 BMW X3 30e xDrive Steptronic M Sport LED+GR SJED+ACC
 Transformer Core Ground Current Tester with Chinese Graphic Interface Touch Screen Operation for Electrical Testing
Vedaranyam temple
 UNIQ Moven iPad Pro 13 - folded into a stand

○ ○ ○ ○ ○ ○ ○

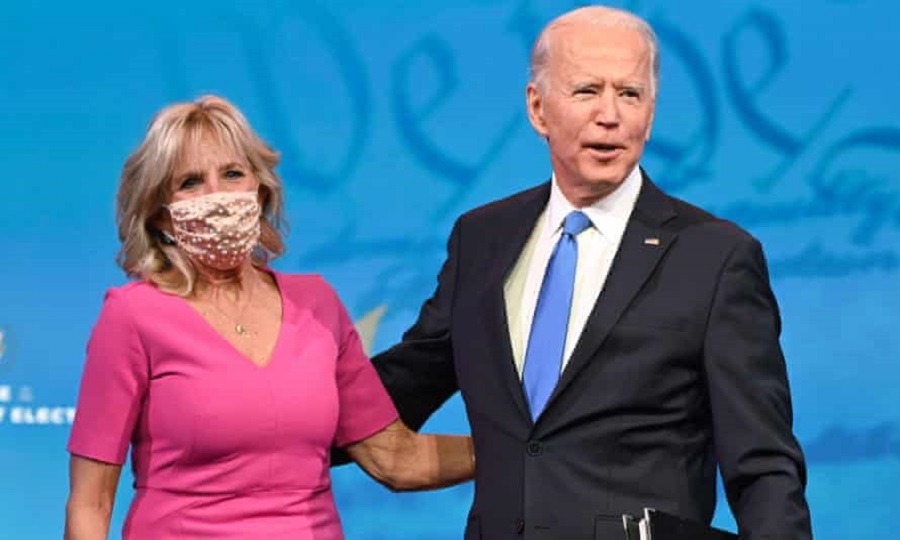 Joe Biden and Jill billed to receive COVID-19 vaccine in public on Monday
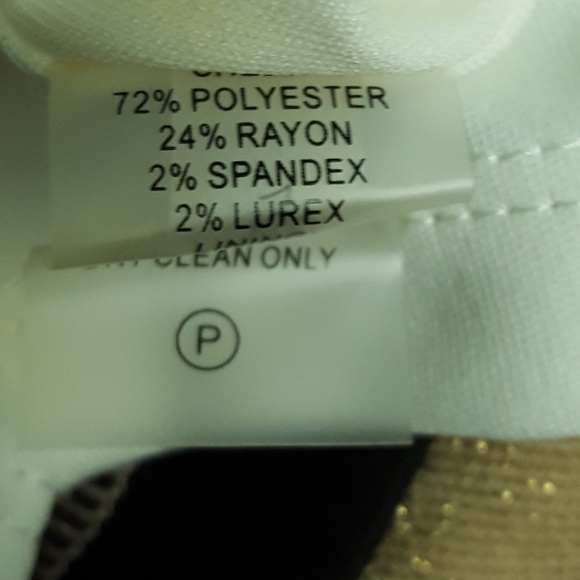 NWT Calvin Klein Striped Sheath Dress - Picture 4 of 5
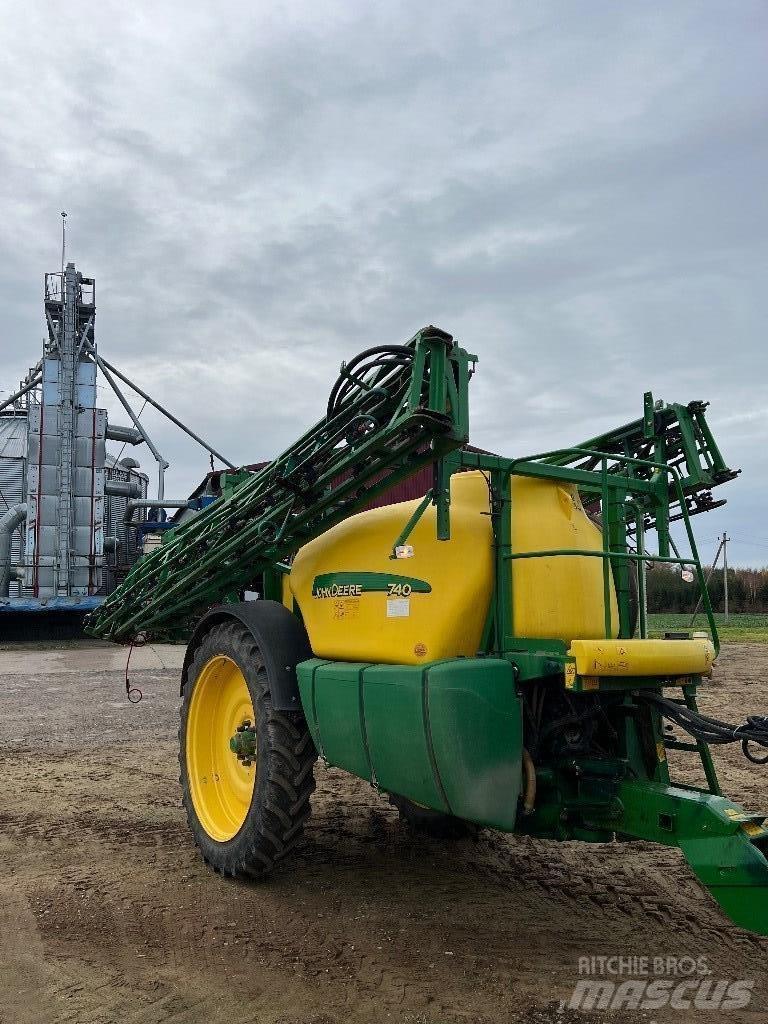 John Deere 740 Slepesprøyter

○ ○ ○ ○ ○ ○ ○

▸ Exercise brief:
Write out exactly the run of lines above that starts at the line containing "Joe Biden and" and ends at the line containing "John Deere 740 Slepesprøyter". Include both, and leave the pictures out.

▸ Answer box:
 Joe Biden and Jill billed to receive COVID-19 vaccine in public on Monday
 NWT Calvin Klein Striped Sheath Dress - Picture 4 of 5
 John Deere 740 Slepesprøyter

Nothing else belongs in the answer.